The much more potent version of this whole situation is an epidermoid cyst (sometimes called a sebaceous cyst, though they’re technically different things). These form when a follicle gets completely blocked and sealed off, so nothing can escape. The bacterial fermentation inside one of these just… keeps going. For a long time. With no outlet. The material inside genuinely resembles cottage cheese – it’s pale, soft, and has a distinctive, extremely pungent smell that is a whole level above a regular blackhead. A board-certified dermatologist will tell you not to squeeze these at home because the entire sac needs to come out, often through surgical excision, otherwise they just come back. If what you’re dealing with is recurring, deep, or significantly smellier than a regular blackhead, it’s worth getting that looked at because the treatment options are quite different.
Severe acne (including acne conglobata, a particularly nasty deep-cystic form) can also produce a notably strong odor because the bacterial infections are more extensive and you start getting sulfur compounds involved, which add their own delightful top notes to the whole experience.
Best Treatment For Blackheads
- Salicylic acid is probably your best friend for blackheads specifically. It’s oil-soluble, meaning it can actually get inside the follicle and dissolve the sebum plug rather than just cleaning the surface of the skin. This is the only exfoliant who can do that. Glycolic acid and co just don’t do anything for pores or address the bad smell. This is by far the most effective treatment.
- Benzoyl peroxide goes after the bacteria directly – it releases oxygen into the follicle, which is toxic to the anaerobic C. acnes that’s running your personal cheese operation. Lower concentrations work just as well as higher ones, usually with less irritation, so don’t feel like you need to go nuclear.
- Regular cleansing – gentle cleanser, consistent, not aggressive – reduces the amount of oil and dead skin cells available to cause problems. The trap people fall into is over-washing, which strips the skin barrier and causes the oil glands to compensate by producing even more sebum. Your skin is petty like that.
In case you’re wondering, other acne treatments like tea tree oil, oral antibiotics, and retinoids generally reduce acne, but they don’t get inside the pores, so they wouldn’t be the most appropriate treatment for this. As for home remedies, don’t bother. You’re just hurting your skin.
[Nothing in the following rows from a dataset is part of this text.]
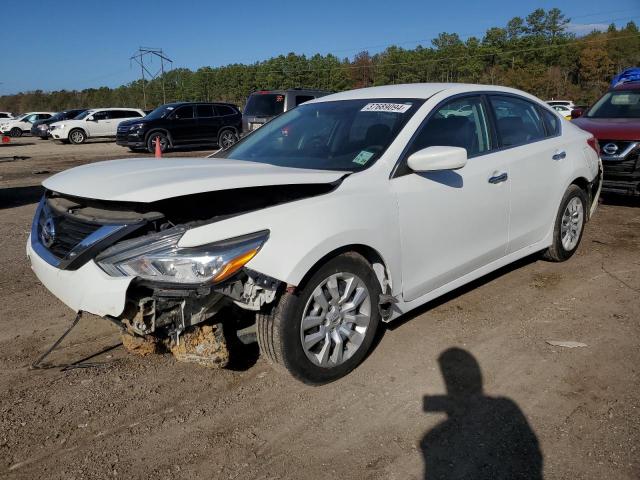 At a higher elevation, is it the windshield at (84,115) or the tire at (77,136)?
the windshield at (84,115)

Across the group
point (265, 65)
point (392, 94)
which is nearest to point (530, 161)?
point (392, 94)

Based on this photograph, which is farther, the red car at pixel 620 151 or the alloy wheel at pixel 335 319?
the red car at pixel 620 151

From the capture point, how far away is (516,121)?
4566 millimetres

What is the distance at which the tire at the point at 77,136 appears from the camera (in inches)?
1036

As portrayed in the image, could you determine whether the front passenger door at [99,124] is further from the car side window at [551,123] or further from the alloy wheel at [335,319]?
the alloy wheel at [335,319]

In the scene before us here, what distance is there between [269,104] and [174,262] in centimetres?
1369

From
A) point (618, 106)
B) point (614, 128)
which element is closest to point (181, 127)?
point (618, 106)

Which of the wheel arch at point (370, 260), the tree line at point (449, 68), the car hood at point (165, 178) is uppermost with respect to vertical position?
the tree line at point (449, 68)

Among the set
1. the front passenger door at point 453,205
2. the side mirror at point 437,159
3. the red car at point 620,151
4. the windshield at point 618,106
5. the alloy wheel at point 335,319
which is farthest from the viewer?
the windshield at point 618,106

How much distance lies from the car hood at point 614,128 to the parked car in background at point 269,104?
864cm

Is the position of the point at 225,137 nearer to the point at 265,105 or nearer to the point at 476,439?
the point at 265,105

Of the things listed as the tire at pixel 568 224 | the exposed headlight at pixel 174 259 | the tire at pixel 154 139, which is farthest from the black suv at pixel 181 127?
the exposed headlight at pixel 174 259

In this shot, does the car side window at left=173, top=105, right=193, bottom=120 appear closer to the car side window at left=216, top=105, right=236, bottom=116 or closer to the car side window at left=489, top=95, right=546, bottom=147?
the car side window at left=216, top=105, right=236, bottom=116

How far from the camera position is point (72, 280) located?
273 cm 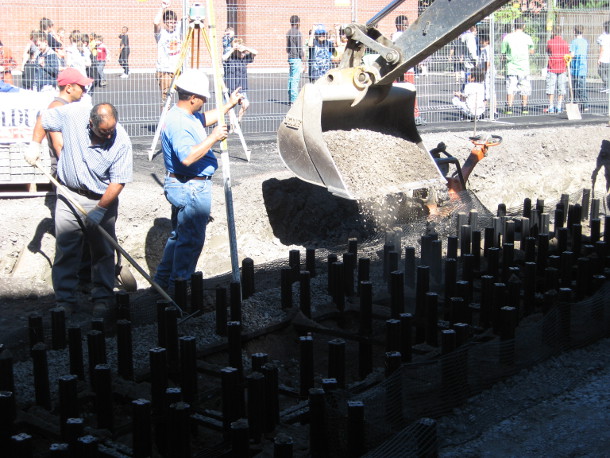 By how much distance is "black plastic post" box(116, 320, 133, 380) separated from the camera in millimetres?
5211

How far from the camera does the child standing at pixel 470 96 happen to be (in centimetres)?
1405

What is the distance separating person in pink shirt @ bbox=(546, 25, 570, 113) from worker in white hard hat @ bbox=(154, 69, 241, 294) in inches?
392

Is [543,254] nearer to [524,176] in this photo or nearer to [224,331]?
[224,331]

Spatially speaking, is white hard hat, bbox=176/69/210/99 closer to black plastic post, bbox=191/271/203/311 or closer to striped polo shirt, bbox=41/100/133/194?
striped polo shirt, bbox=41/100/133/194

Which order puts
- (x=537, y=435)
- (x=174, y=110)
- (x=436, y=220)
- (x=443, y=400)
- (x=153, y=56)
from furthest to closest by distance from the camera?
(x=153, y=56), (x=436, y=220), (x=174, y=110), (x=443, y=400), (x=537, y=435)

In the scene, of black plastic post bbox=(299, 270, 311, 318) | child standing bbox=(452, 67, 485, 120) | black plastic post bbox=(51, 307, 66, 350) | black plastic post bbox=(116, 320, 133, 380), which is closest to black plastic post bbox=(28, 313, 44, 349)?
black plastic post bbox=(51, 307, 66, 350)

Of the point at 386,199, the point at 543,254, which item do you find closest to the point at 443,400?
the point at 543,254

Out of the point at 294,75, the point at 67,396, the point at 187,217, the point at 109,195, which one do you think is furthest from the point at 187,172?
the point at 294,75

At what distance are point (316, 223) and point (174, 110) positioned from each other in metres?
3.23

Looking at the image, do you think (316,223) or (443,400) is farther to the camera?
(316,223)

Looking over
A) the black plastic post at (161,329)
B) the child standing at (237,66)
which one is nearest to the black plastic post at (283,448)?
the black plastic post at (161,329)

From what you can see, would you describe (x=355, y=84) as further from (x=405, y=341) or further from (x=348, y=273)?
(x=405, y=341)

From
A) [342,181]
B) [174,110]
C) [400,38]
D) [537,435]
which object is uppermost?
[400,38]

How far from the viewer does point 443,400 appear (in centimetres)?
461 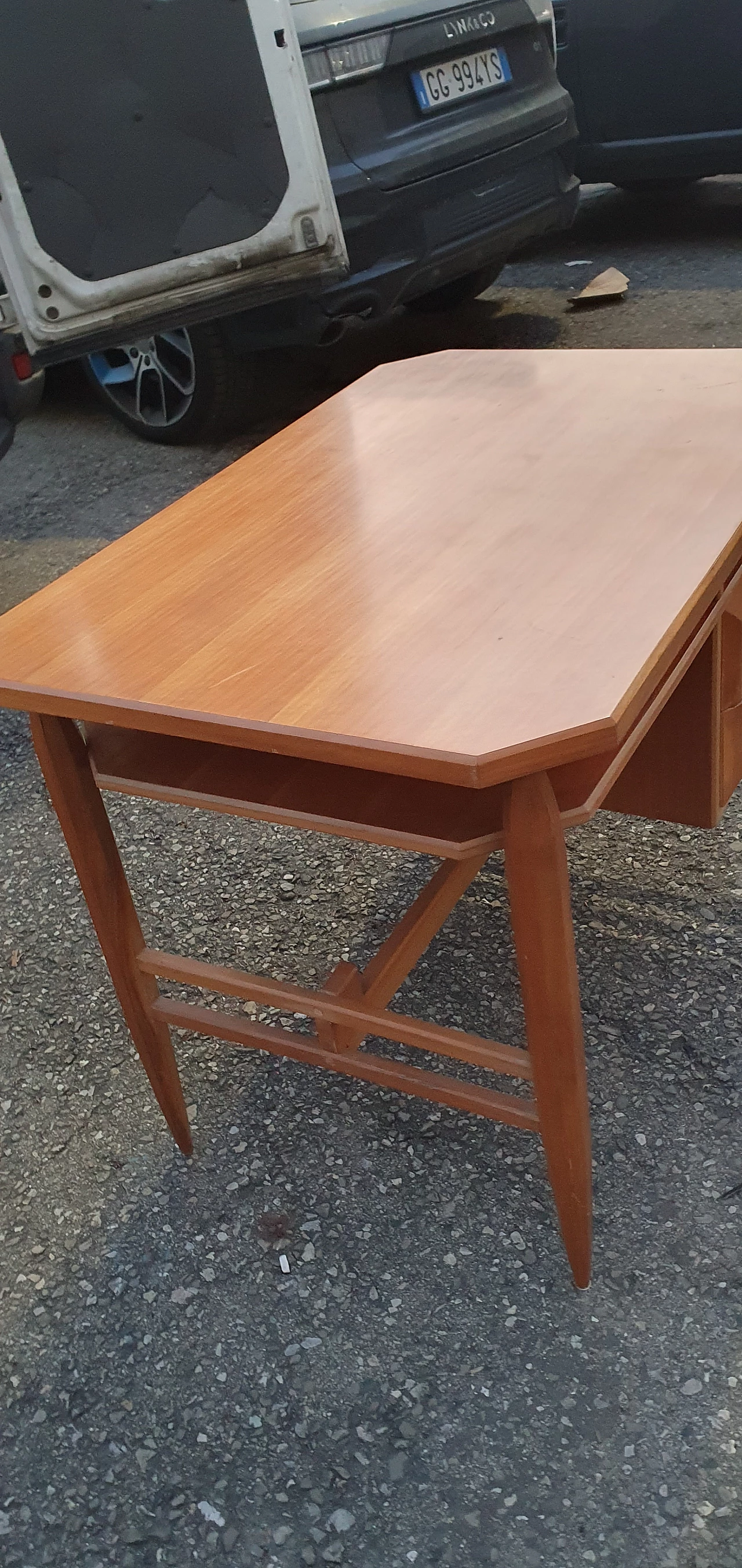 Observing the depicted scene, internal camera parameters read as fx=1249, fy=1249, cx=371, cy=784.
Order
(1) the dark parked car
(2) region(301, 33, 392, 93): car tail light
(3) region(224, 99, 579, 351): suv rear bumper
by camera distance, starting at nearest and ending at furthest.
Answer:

Best skin care products with salicylic acid:
- Drunk Elephant T.L.C. Framboois Glycolic Night Serum: A lightweight serum with Glycolic Acid and Salicylic Acid to lighten dark spots and heal pimples. Available at Cult Beauty and SpaceNK
- Paula’s Choice Skin Perfecting 2% BHA Liquid Exfoliant ($29.00): The gold standard for acne exfoliation, it has a tacky texture that heals and prevents pimples. Available at Paula’s Choice and Selfridges
- The Ordinary Salicylic Acid 2%: The cheaper Salicylic Acid exfoliant out there. The texture isn’t too pleasant, but it does the job. Available at Beauty Bay and Cult Beauty
The Bottom Line
Your blackheads smell like cheese because your pores contain bacteria from the same family that makes Swiss cheese, and those bacteria have been fermenting your sebum in an oxygen-free environment, producing the exact same volatile acids that give aged cheese its smell. Plus your skin fat is oxidising on top of that. It is genuinely one of those facts that once you know it, you cannot unknow it, and I apologise for ruining both blackhead extraction and cheese for you simultaneously. You’re not dirty. It’s not poor hygiene. That foul odor is not your fault. You are just a warm, sebum-producing human being with a thriving microbial ecosystem on your face, and honestly? That’s kind of amazing.